Пушкин незадолго перед тем получил разрешение на издание газеты (которым, впрочем, не воспользовался). Но ему гораздо важнее было — с точки зрения газетчика, нуждающегося в свежих новостях, — иметь непосредственные отношения с министерствами внутренних и иностранных дел. Вместе с тем Пушкин еще раз продемонстрировал свое явное нежелание сотрудничать с Сергием Семеновичем. Идеи Уварова — во всей исторической низости — еще не были ему известны. Но он очень хорошо представлял себе, чего можно ждать от старинного арзамасского знакомого. Ренегатство стало уже принципиальной позицией Уварова. И это необоримо претило Пушкину.

Но вряд ли он сознавал в тот момент, какое оскорбление нанес товарищу министра просвещения. Он не только игнорировал уваровское предложение союза в прошлом году, не только высмеял его перевод «Клеветников России», но и обманул куда более серьезные ожидания. Газета Пушкина, будучи подчинена министерству просвещения, должна была бы стать рупором уваровских идей, плацдармом для уваровского наступления на публику. Теперь эта надежда рухнула. Рухнула в тот момент, когда Уварову «свой орган» был особенно нужен…

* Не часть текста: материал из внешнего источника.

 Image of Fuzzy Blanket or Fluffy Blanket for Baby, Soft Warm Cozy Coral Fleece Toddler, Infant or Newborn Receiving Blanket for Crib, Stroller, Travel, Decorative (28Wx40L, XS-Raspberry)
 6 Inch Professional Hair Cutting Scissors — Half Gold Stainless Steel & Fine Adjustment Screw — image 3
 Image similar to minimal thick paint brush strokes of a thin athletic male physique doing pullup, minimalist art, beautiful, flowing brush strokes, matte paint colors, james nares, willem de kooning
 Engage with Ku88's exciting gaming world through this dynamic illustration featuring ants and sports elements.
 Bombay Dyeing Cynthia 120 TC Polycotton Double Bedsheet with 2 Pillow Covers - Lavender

Уваров шел вверх. Находящийся в мучительных колебаниях император, уже перечеркнувший проекты комитета 1826 года, бывшие, по существу, проектами Сперанского, ошеломленный событиями во Франции, в Польше, в военных поселениях, еще не решавшийся начать новую попытку либерализации крепостного права (Киселев вернется только в тридцать четвертом), горячо и радостно поверил в возможность осуществления уваровской утопии — замирить страну новой методой воспитания сперва дворянской молодежи, а потом и народа вообще.

18 марта 1833 года, через четыре месяца после того, как император прочитал уваровский доклад, князь Ливен был отправлен в отставку.

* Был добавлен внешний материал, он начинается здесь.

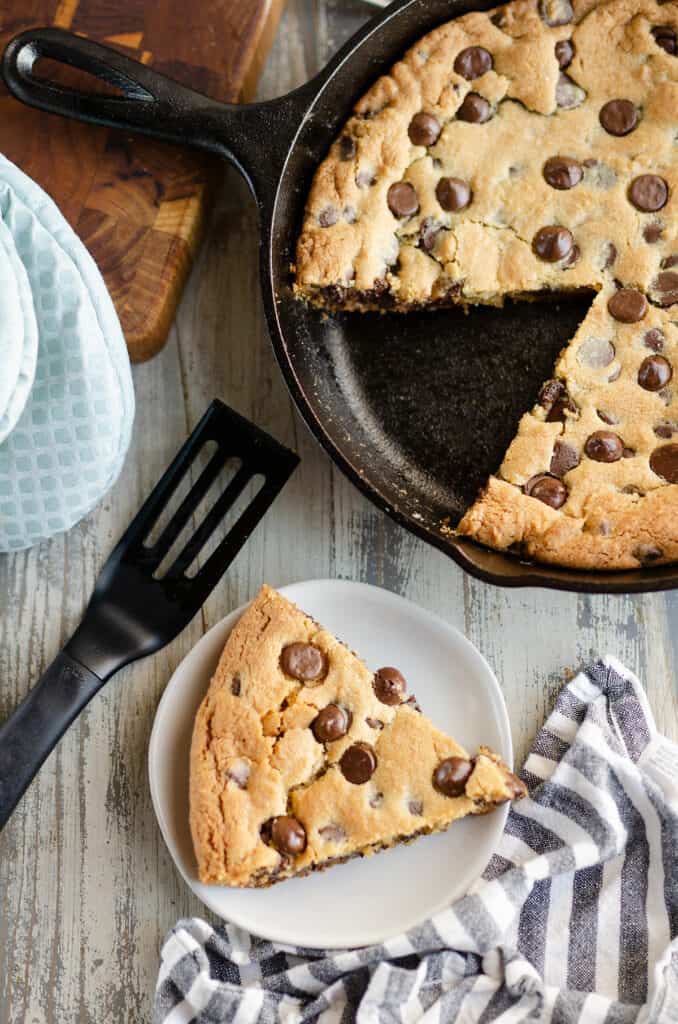 slice of chocolate chip cookie skillet served on plate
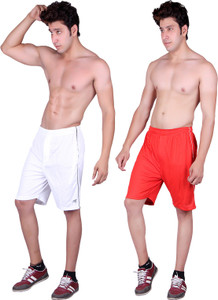 Gag Wear Solid Men's White, Red Sports Shorts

20 марта Бенкендорф передал Уварову указание царя — приступить к исправлению обязанностей управляющего министерством народного просвещения. Но управляющий — еще не министр. Уварову предстояло пройти испытательный срок…

Он немедленно — 21 марта — направил попечителям учебных округов «циркулярные отношения»: «Вступив в управление Министерством народного просвещения, я вменяю себе в приятную обязанность объявить Вашему превосходительству совершенную мою готовность действовать во всех отношениях к дальнейшему усовершенствованию императорского (название. — Я. Г.) университета и учебных заведений вверенного Вам округа. Вместе с сим я надеюсь находить в Вашем превосходительстве то усердное и деятельное стремление к общей пользе, коим одушевляется служба… Общая наша обязанность состоит в том, чтобы народное образование, согласно с высоким намерением августейшего монарха, совершалось в соединенном духе православия, самодержавия и народности».

Сергий Семенович не терял ни дня: он энергично и целенаправленно стал утверждать в умах свою доктрину, которую — с дальновидным самоотречением — приписывал теперь Николаю.

Он закончил циркуляр пассажем, удивительным по тону: «При сем случае покорнейше прошу Ваше превосходительство, чтоб поставлено было на вид и студентам, что я не премину обращать особенное внимание на тех из них, кои по успехам, благонравию, скромности и покорности к начальникам окажутся достойными, — имена их останутся в моей памяти, и я предоставлю себе оказывать им и на поприще жизни то самое участие, какое они внушат мне на поприще юношеского образования».

Это пишет человек, ощущающий свою власть и верящий, что он будет обладать ею всегда, — он обещает покровительство, которое понадобится через много лет.

И он доводит до сведения студентов, каков его идеал просвещенного человека: «благонравие, скромность и покорность к начальникам».

Пушкин считал необходимым учить «независимости, храбрости, благородству (чести вообще)».

Уваров — «благонравию, скромности и покорности к начальникам».

Вот их главное, роковое, непримиримое расхождение, касавшееся духовного, общественного облика будущих поколений и, с неизбежностью, облика будущей России…

Сергий Семенович немедленно дал всем понять, что дело народного просвещения с его вступлением в должность вышло на первый план государственной жизни. Его министерство не должно было оказаться одним из многих. Оно становилось ответственно за судьбы империи и требовало содействия от всех.